However, if you thought the answers to series-long questions would be given their due, rather than snapped together like Lego around somewhat unnecessary character-building flashbacks -- and if you, like me, don't really care for robots, shooting, or TV science fiction -- there wasn't a lot here for you. I'm not going to say it was "bad," because what does that even mean, but I will say that I personally enjoyed it slightly less than "Crossroads," which I enjoyed slightly more than the episode where Lee dates a hooker, but slightly less than a root canal.
I've never understood "they're making it up as they go along" complaint about shows, because that's how stories work: you build a story a word at a time, you're always making it up as you go along.

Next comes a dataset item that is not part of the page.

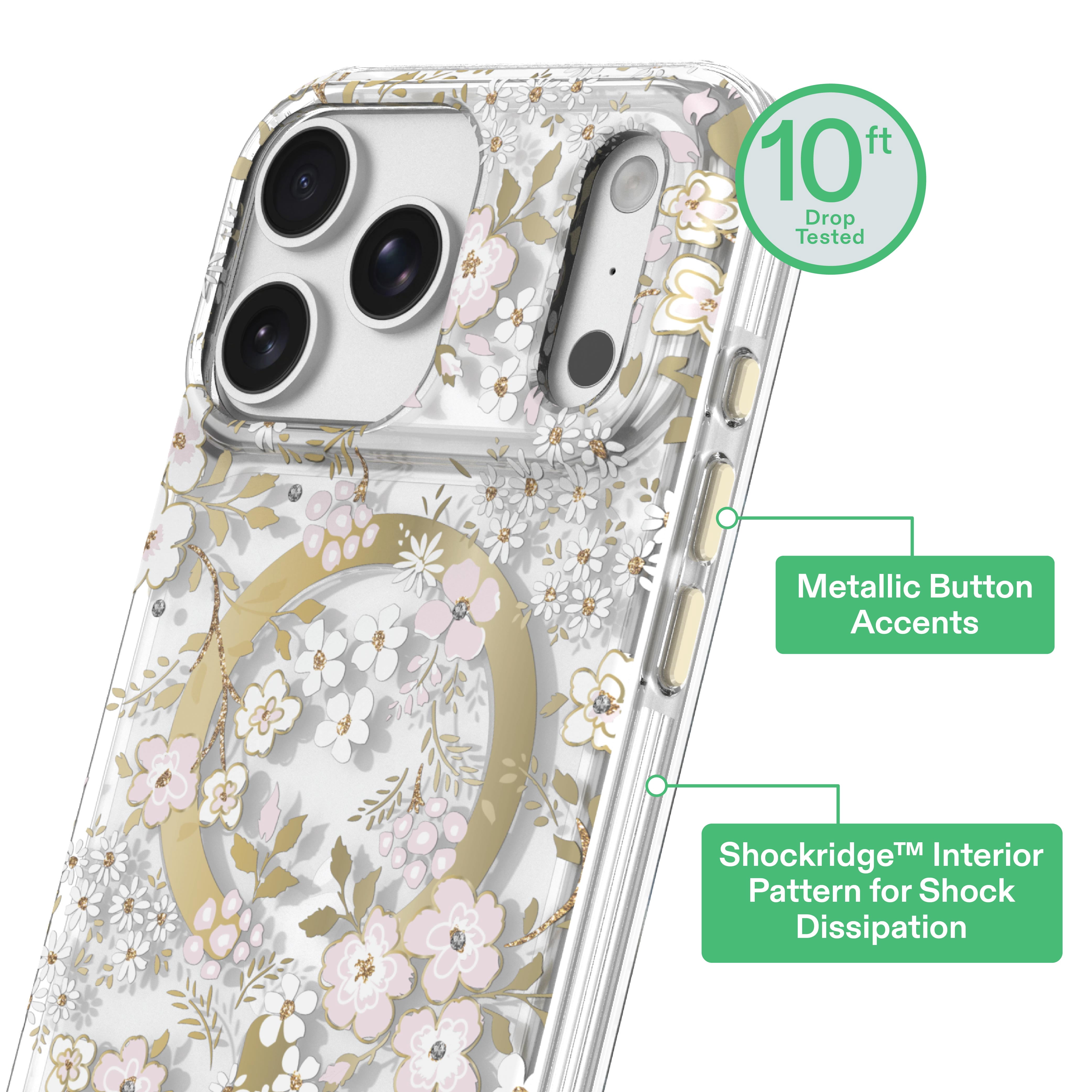 onn Phone Case for iPhone 18 Pro Max / 17 Pro Max, MagSafe Compatible - Pink & White Floral with Gems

But there's a way to do this with reverence toward what's gone before, creating a greater whole out of the sum of all your parts, and there's a way to do it after a long night of coffee: assembling the pieces you've got on the table in front of you in a way that you think might fly, just to get it off your desk. Letting the plot "figure itself out" has lent itself to great intuitive leaps -- and the finest television show I've ever personally seen -- but it's also led to these last two season finales. So if this poor showing is the end of the marathon, I'm grateful they paced themselves as well as they did, for as long as they were able. I don't think we'll see a story this wonderful again in our lifetimes, and we are privileged to have taken part. And that's really what matters.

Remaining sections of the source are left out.